Starting point is 00:08:56 I know I haven't got anything right all evening, but I think that this is in fact true. Yes, it is absolutely true. I think that this is in fact true. Yes, it is absolutely true. Only every US president with a beard has been a Republican. The notion of machismo being connected to facial hair led the Confederate Army in the American Civil War to reject those unable to grow a beard. The US Army prefers macho, hairy food, particularly beef, to feed its troops, and forbade the use of chickens until as recently as 1990. This is where the phrases to beef up and to chicken out originate. The Thanksgiving turkey... Deviation.
Starting point is 00:09:44 Surely he's supposed to be talking about beards. He is, but it was tangentially related to the beard, wasn't it? But actually, as deviation is allowed, that's an interesting point you make. Thank you. But not a point you score. OK. But the Thanksgiving turkey was an exception.
Starting point is 00:10:04 Poultry farmers tried to breed chickens with beards to sell to the army, as it became widely believed that they accepted turkeys because only turkeys have beards. Women have worn beards to try and join the army. Phil? I think that's true. Well, not as far as we know. Well, my mother will be crushed. She's currently serving in Afghanistan.
Starting point is 00:10:28 With the Mujahideen. I swear I was going with that. Alan. For years, many women wore false beards in an effort to become geography teachers. Cleopatra, who suffered from anorexia nervosa, wore a false beard to prevent her maids from force-feeding
Starting point is 00:10:50 her. It has been widely believed that beards reflected cowardice. Alexander the Great believed bearded men to be afraid to shave. I think that's right. Phil, I think Alexander the Great shunned the beard in men. That's absolutely right. He did. But although...

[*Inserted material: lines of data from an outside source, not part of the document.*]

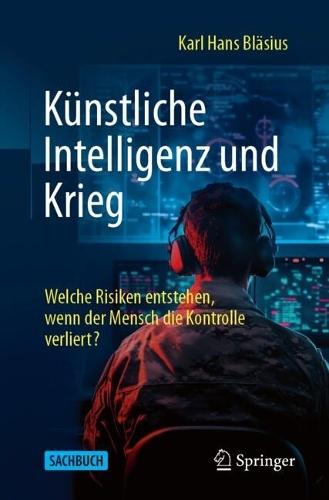 Künstliche Intelligenz und Krieg: Welche Risiken entstehen, wenn der Mensch die Kontrolle verliert?
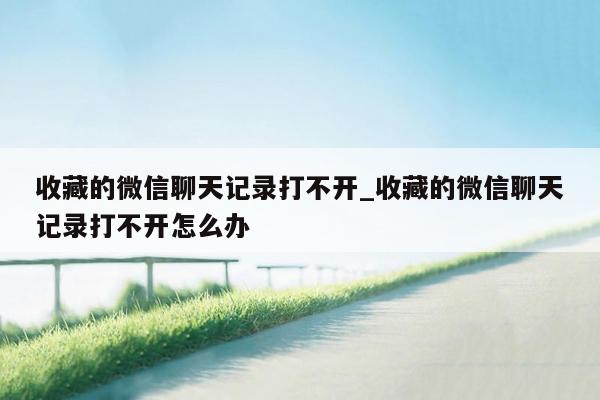 收藏的微信聊天记录打不开_收藏的微信聊天记录打不开怎么办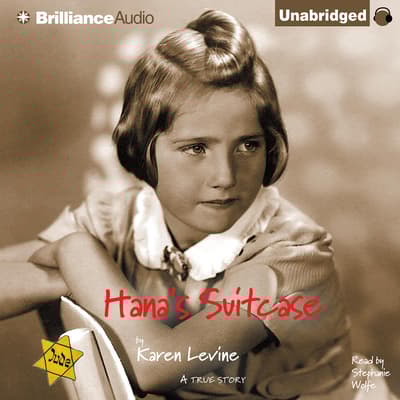 Hana's Suitcase Audiobook, written by Karen Levine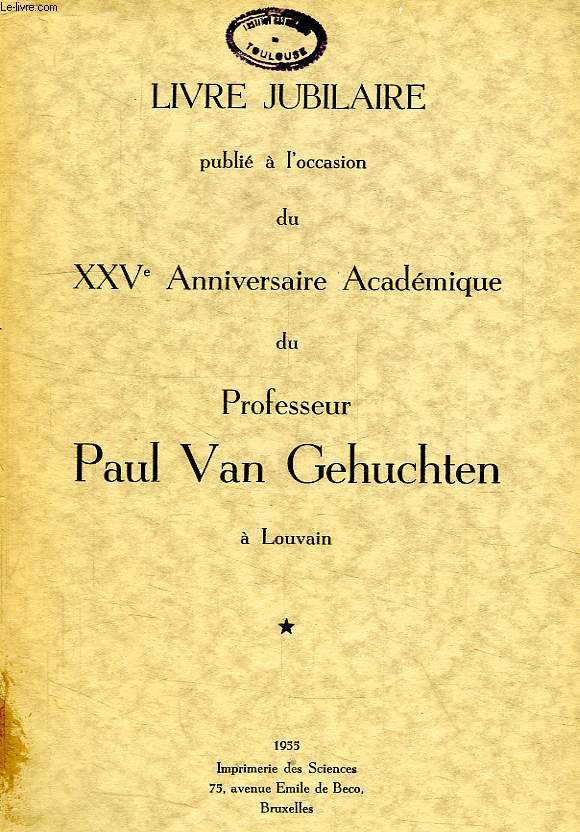 LIVRE JUBILAIRE PUBLIE A L'OCCASION DU XXVe ANNIVERSAIRE DU Prof. PAUL VAN GEHUCHTEN A LOUVAIN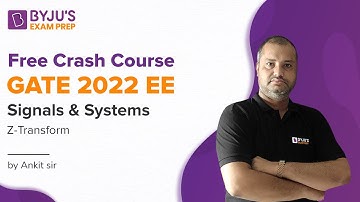 GATE 2022 EE  | Signals and Systems | Z-Transform | Ankit Joshi sir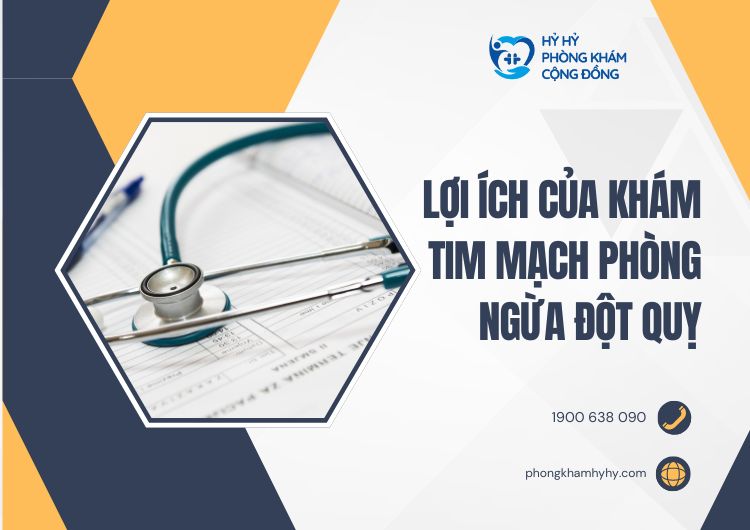 Khám tim mạch phòng ngừa đột quỵ tại Hỷ Hỷ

Starting point is 00:11:05 APPLAUSE I'll give you the point for that, although the reason is slightly different. He hated beards and banned them in his army under the pretext that they were easy for the enemy to grab hold of. LAUGHTER If a man left his beard growth unchecked for the whole of his lifetime, it would never reach the floor.
Starting point is 00:11:26 Simon. That, I think, is true, because it's more sort of curly and outward. It's pubic-y, isn't it? Its own gravity wouldn't take it down. It would tend to curl upwards, I think, and become matted. Pubic-y? Puboid, whatever the... It's sort of, you'd think it would kind of curl up in front of the face.
Starting point is 00:11:50 Yeah, some afro style. In a huge afro... Unless you applied a heavy set of straightening tongs of some sort, which you probably get from Argos for it, but I think naturally it would just tend to go skyward. Unfortunately, as far as we know, and I suppose, you know, it is... You don't know. The fairly thin research that's been done here
Starting point is 00:12:09 is denying me a potential point. No, I don't know why I'm weakening it as far as we know. The beard will grow down to the ground. It will not curl up in a weird matted afro in front of the face. It goes straight down to the floor because gravity acts in the same way on hair as on everything else. So I'm sorry, that's not
Starting point is 00:12:29 true. Alan. With a possible maximum beard length of 30 feet in a lifetime, many of the most fanatical beard growers on the... Simon. Sorry, I think that will be true then. 30 feet in whatever direction which will lead to the side. Yes, 30 feet downwards with gravity.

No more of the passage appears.